Musa Brown, the Bethel resident who helped knit a giant fleece scarf in 1999 for Angus, Bethel’s first world’s tallest snowman, has created a large heart from a piece of that scarf.
“I thought she needed something from Angus,” Brown said late Tuesday afternoon. “It seemed appropriate for this time of year.”
Volunteers shoveling and stomping crane-lifted snow into place with their feet have made about five layers of 4-feet-high snow, closing in on the snowwoman’s “hips.”
It is anticipated that two and then three layer-forms will be completed each day until she reaches her estimated goal of 120 feet tall, aided by Bancroft Contracting’s crane. A United Rentals 120-foot-tall lift is being used to lift stompers into place and will be used to affix decorations and apparel.
Brown’s stitched heart, which is embroidered to read “Angus, King of the Mountain, 1999” will be placed somewhere above the hips but below her “shoulders,” according to Robin Zinchuk, executive director of the Bethel Area Chamber of Commerce.

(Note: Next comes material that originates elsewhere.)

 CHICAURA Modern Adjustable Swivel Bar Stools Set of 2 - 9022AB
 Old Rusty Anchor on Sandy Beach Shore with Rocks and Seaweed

Brown said that when Angus melted and his scarf was retrieved, she and other women from her church cut and sewed blankets out of it for a SAD 44 collection for disaster relief.

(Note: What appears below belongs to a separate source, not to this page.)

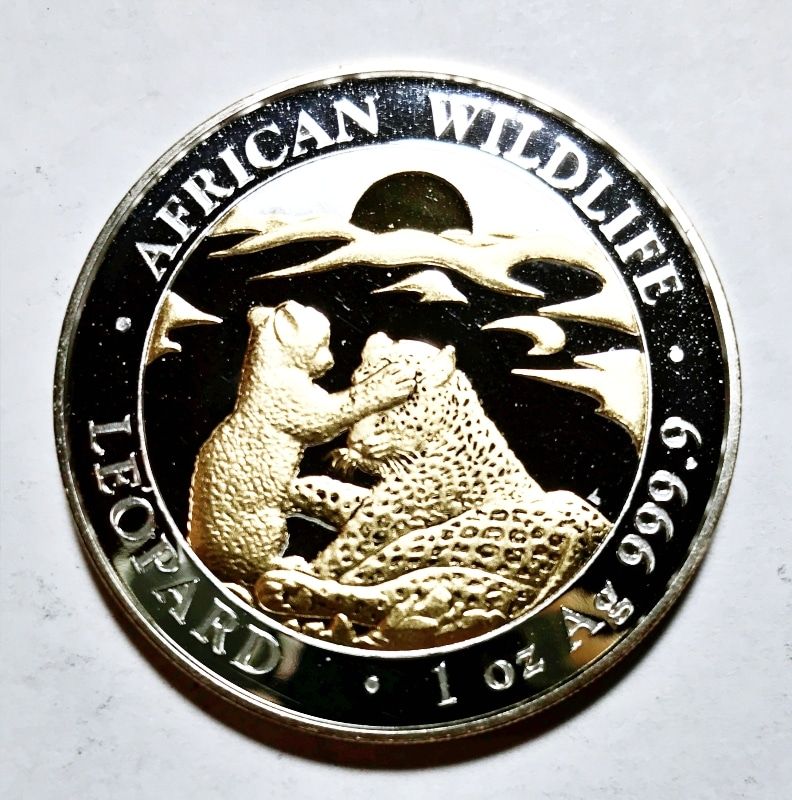 2019 Somalia 1 oz .9999 Gold Glided African Wildlife Leopard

“Making it into blankets was a wonderful idea,” she said.
One piece, however, was too small, so she saved it, then found a use for it with the snowwoman project.
“I wanted to tie them together,” Brown said of Angus and the snowwoman, who has yet to be named. A naming contest is under way by Portland radio station WBLM102.9.
Built atop a 20-foot-high snow base, she is solid right through to her core and totally snow, Zinchuk said via e-mail on Sunday afternoon.
For stomper safety, a 6-to-10-foot long center pole will be added at higher levels, but it will be pulled up as each layer is completed.
And, not only is Bethel attempting to best its 1999 world record for the tallest snowman, but Jim Mann of Mt. Mann Jewelers in Bethel has officially applied to the Guinness Book of World Records.
He’s making the snowwoman’s jewelry, a Maine mica snowflake pendant that will be 6- to 7-feet in diameter and hung around her neck from painted fire hoses. Zinchuk said Mann asked Guinness to consider it as the World’s Largest Pendant or Largest Maine Mica Pendant.
So far, the world-record book people have yet to respond.
“It sometimes takes four to six weeks to get an answer,” Zinchuk said. “It’s going to be as large or larger than the skidder-tire buttons.”
Construction on the snowwoman project is expected to be completed during the last week in February.